DATASET SECTION ▸
####
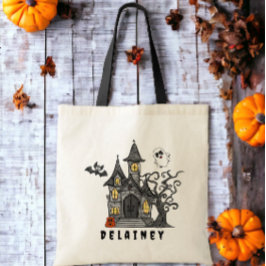 Bolsa Tote Casa Assombrada do Trick Treat do Halloween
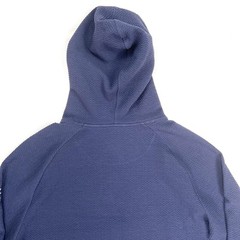 Swannies Hoodie Men’s XL Navy Blue Waffle Textured Snap Performance Sweater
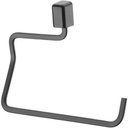 Ver imagem 1 de Toalheiro Preto Fosco de Parede Banheiro Suporte Porta Toalha de Rosto Schmitt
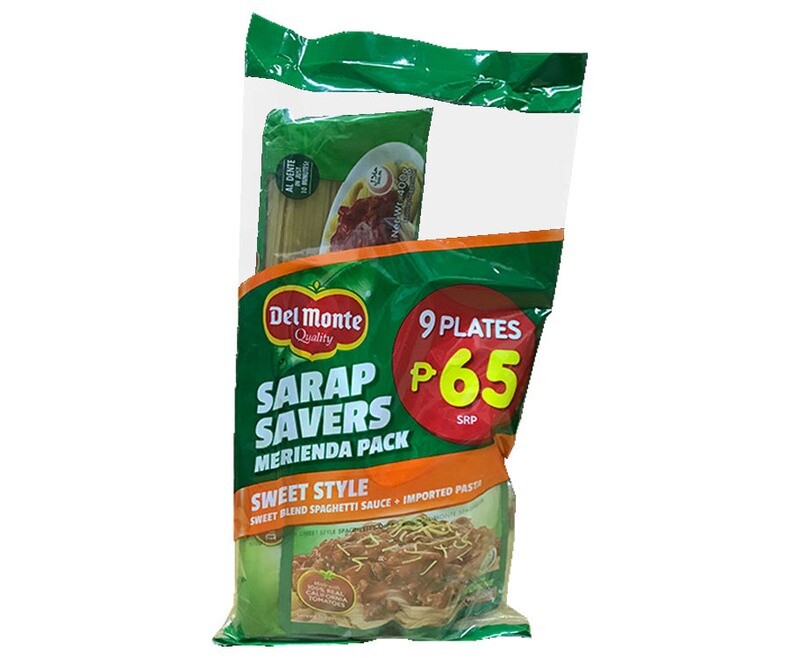 Del Monte Sweet Style Sweet Blend Spaghetti Sauce 500g + Imported Pasta 400g Sarap Savers Merienda Pack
####
EXERCISE DESCRIPTION ▸
When copying the listing, skip the pictures and keep each line exactly as written.

THE ANSWER ▸
 Bolsa Tote Casa Assombrada do Trick Treat do Halloween
 Swannies Hoodie Men’s XL Navy Blue Waffle Textured Snap Performance Sweater
 Ver imagem 1 de Toalheiro Preto Fosco de Parede Banheiro Suporte Porta Toalha de Rosto Schmitt
 Del Monte Sweet Style Sweet Blend Spaghetti Sauce 500g + Imported Pasta 400g Sarap Savers Merienda Pack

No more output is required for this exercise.